Je ne sais pas quel âge vous aviez, mais c’est surprenant que votre père vous ait montré Tampopo. Un jour, on m’a donné un billet pour une pièce de théâtre dans laquelle jouait Nakadai Tatsuya [célèbre acteur passé par Kobayashi Masaki, Kurosawa Akira ou Gosha Hideo, et qui fonda en 1975 une école d’art dramatique, ndla]. J’ai vraiment été ému et impressionné. D’habitude, les pièces dans lesquelles jouait Nakadai coûtaient trop cher pour moi, je ne pouvais pas me permettre d’y aller. Par la suite, je suis allé voir d’autres pièces jouées dans un petit théâtre où le billet ne coûtait que 1 000 yens. J’ai découvert de jeunes acteurs passionnés par leur métier. Ils n’étaient pas forcément toujours intéressants mais leur dévouement me faisait envie. Je me suis dit que jouer sur scène devait être plus amusant que d’être spectateur.
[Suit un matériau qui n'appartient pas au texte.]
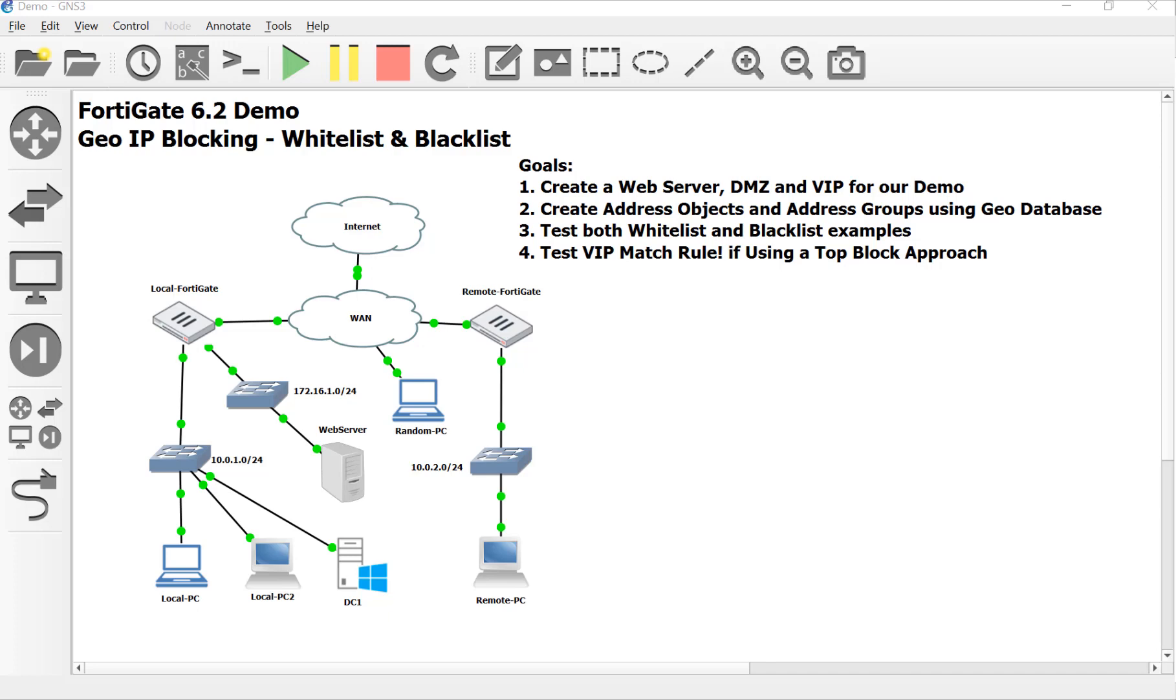Hey everyone out there. My name is Devin Adams. I'm a Fortinet certified trainer in Tempe, Arizona with Dynamic Worldwide. And this is our last video in our Geo IP address blocking demo.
EastAsia : vous évoquez le théâtre, mais dans les années 1970, quand vous étiez adolescent, à l’amorce de votre votre carrière, quel était votre rapport au cinéma ? Regardiez-vous plutôt des films de la Nouvelle vague ou plutôt des kaiju et films plus anciens ?

Je voyais pas beaucoup de films à l’époque, mais dans mon adolescence, j’allais plutôt dans un cinéma qui passait des films occidentaux dont des films français. J’ai vu quand même pas mal de films français parce que je pouvais apprendre des choses, notamment avec les scènes érotiques.

Koji Yakusho

Japon Cinéma : j’aime autant le cinéma japonais que le cinéma d’animation et vous avez doublé des paires, deux personnages dans les films de Hosoda Mamoru, Le Garçon et la Bête et Mirai, ma petite sœur, Quel est votre retour d’expérience sur ces deux films ? Comment avez-vous ressenti cette expérience, différente du métier d’acteur filmé ?
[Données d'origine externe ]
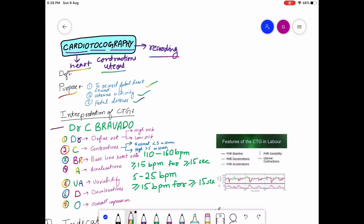To interpret the CTG, just memorize this formula: DR C BRAVADO. Each word stands for something — DR for defined risk, C for contractions, BR for baseline heart rate, A for acceleration, VA for variability, D for deceleration, and O for overall impression.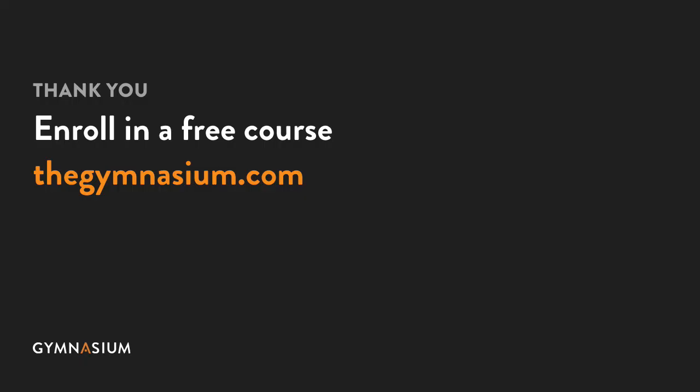That's it for now, thanks for watching. If you liked this Take 5 clip, be sure to check out the rest of the series and our entire course catalog at Gymnasium.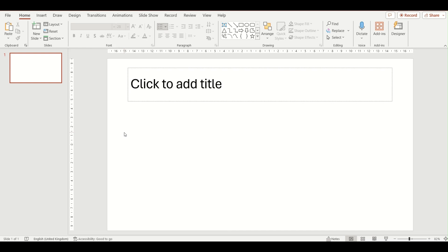In this video we are having a look at another example of a SmartArt diagram that you can insert into your PowerPoint presentations. The one we are looking at this time is a hierarchy diagram, specifically the organisation chart.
J’aimais déjà beaucoup les films de Hosoda. Le Garçon et la Bête était ma première participation à l’animation. Hosoda m’a montré un énorme album de dessins, très épais, une sorte de storyboard. J’ai compris qu’il préparait son film de façon très méticuleuse. J’ai aussi été impressionné par la beauté de ses dessins. Bien sûr, je ne suis pas vraiment un expert du doublage, j’admire le travail des seiyū, et j’aimerais bien continuer à le faire. Je pense que le film d’animation a une certaine liberté que n’ont pas les films en prise de vue réelle parce qu’il peut créer un univers très riche qui ne se réaliserait pas dans un film de fiction en prise de vue réelle. J’envie un peu les personnes qui travaillent dans le cinéma d’animation.

EastAsia : en 2009, vous avez réalisé le film Gama no abura. Qu’est-ce qui vous a poussé à passer derrière la caméra ? Est-ce une expérience que vous souhaitez renouveler ?
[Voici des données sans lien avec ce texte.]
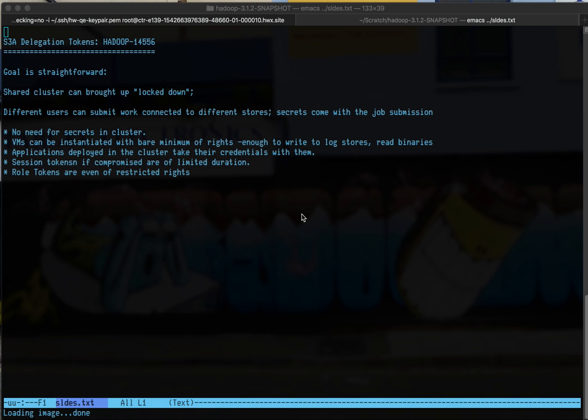Hi, this is Steve Loughran giving a very quick demo of the S3A delegation token stuff that's now in Hadoop trunk as of the Hadoop 14556 Jira being merged in.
Sur les tournages, le réalisateur a un rôle très classe. Ce sont d’ailleurs des membres de l’équipe d’Imamura Shohei qui m’ont dit que je serais sans doute capable de passer derrière la caméra. Je me suis pris au jeu et j’ai fini par réaliser Gama no abura. Le tournage a été vraiment amusant. Par contre, je joue aussi en tant qu’acteur. Si j’avais pu me concentrer uniquement sur la réalisation, cela aurait pu être encore plus amusant, et donc j’aimerais bien tenter une nouvelle fois l’aventure en tant que réalisateur si je trouve un script qui m’intéresse.

Entretien réalisé par Marc L’Helgoualc’h le 13/12/2024 à la Maison de la Culture du Japon à Paris.